Reputation: 4926
I am running a series of clustering analyses in weka and I have realized that automatizing it is the way to go if I want to get somewhere. I'll explain a bit how I am working.
I do all the pre-processing manually in R and save it as a csv file, importing it in weka and saving it again as an arff file.
I use weka's GUI, and in general I just open my data with in the arff file and go directly to the clustering tab and play around. (My experience using the CLI is limited).

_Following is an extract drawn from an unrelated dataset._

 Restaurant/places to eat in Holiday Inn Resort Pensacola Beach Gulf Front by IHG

I am trying to reproduce some results I've got by using the GUI, but now with commands in the CLI. The problem is that I usually ignore a list of attributes when clustering using the GUI. I cannot find a way of selecting a list of attributes to be ignored in the command line.
For example:
java weka.clusterers.XMeans \
-I 10 -M 1000 -J 1000 \
-L 2 -H 9 -B 1.0 -C 0.25 \
-D "weka.core.MinkowskiDistance -R first-last" -S 10 \
-t "/home/pedrosaurio/bigtable.arff"
My experience with weka is limited so I don't know if I am missing some basic understanding of how it works.
Upvotes: 4
Views: 2874
Reputation: 61
To ignore an attribute you have to do it from the distance function
Ignore attributes from command line (Matlab):
COLUMNS = '3-last'; % The indices start from 1, 'first' and 'last' are valid as well. E.g .: first-3,5,6-last
Df = weka.core.EuclideanDistance (); % Setup distance function.
Df.setAttributeIndices (COLUMNS); % Setup distance function.

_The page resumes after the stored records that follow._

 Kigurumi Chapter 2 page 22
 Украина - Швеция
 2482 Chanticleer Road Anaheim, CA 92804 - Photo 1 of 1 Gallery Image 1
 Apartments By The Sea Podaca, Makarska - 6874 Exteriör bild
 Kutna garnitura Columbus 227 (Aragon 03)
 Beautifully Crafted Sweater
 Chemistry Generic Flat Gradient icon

Ignore attributes from GUI Ignore attributes from GUI
I do not understand why when someone asks how to ignore attributes all the answers say how to modify the dataset, using a filter in the preprocess section.
Upvotes: 0
Reputation: 14721
Data Preprocessing functions are called filters. You need to use filters together with cluster algorithm. See below example.

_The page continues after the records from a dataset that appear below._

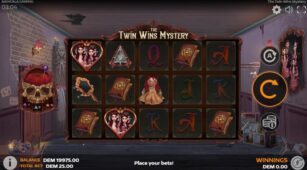 The Twin Wins Mystery demo play free 0
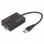 Digitus Adaptador de Red USB 3.0 a Gigabit SFP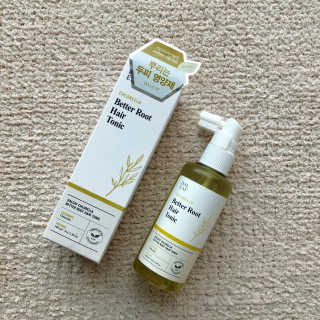 달리프 클로렐라 베러 루트 헤어토닉 100ml — 5점을 준 리뷰어가 2020년 3월 올린 사용 사진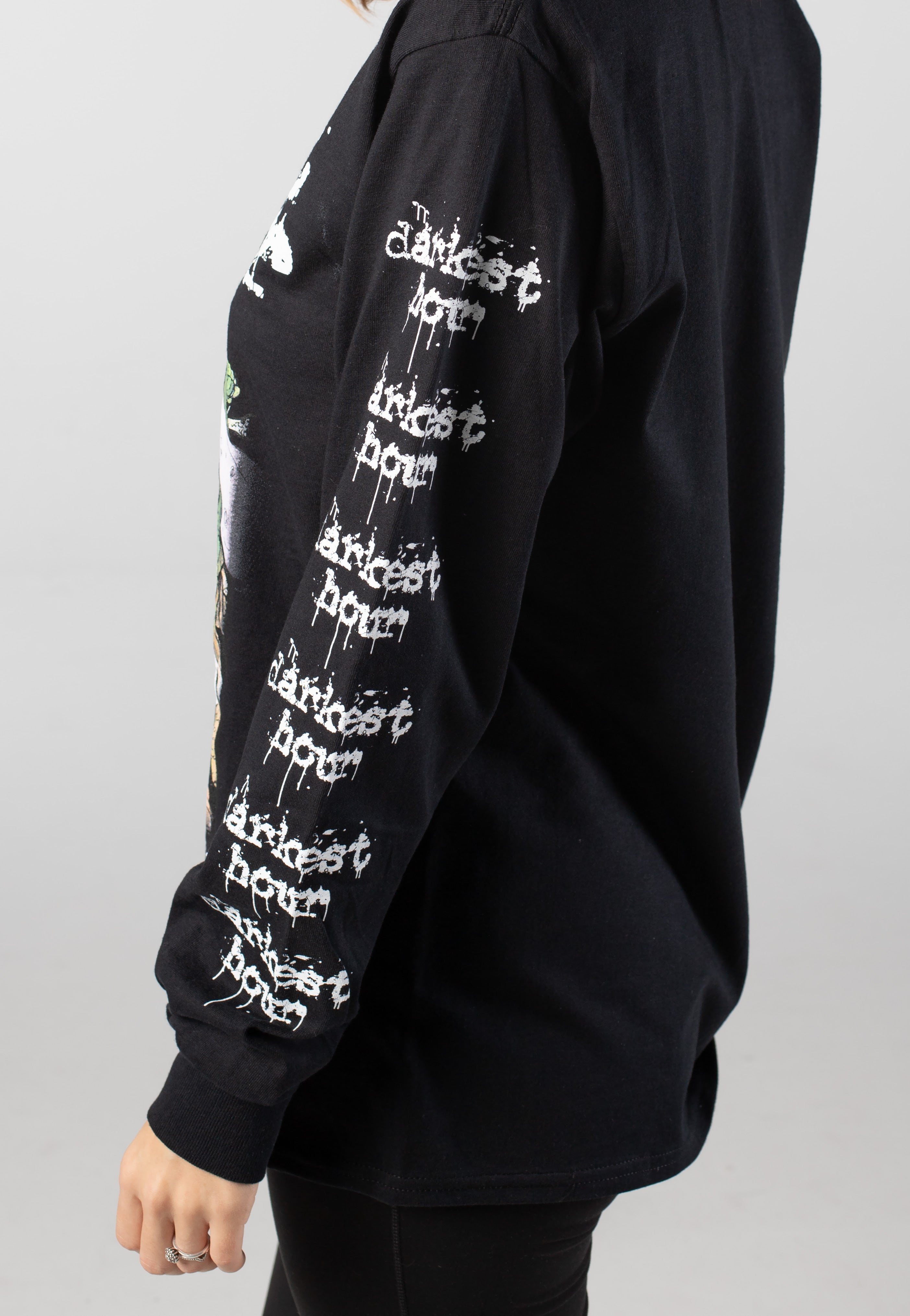 Darkest Hour - Deliver Us - Longsleeve | Women-Image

java weka.clusterers.FilteredClusterer \
-F weka.filters.unsupervised.attribute.Remove -V -R 1,5 \
-W weka.clusterers.XMeans -I 10 -M 1000 -J 1000 -L 2 -H 9 -B 1.0 -C 0.25 \
-D "weka.core.MinkowskiDistance -R first-last" -S 10 \
-t "/home/pedrosaurio/bigtable.arff"
Here we remove attributes 1-5 then use xmeans.
Upvotes: 5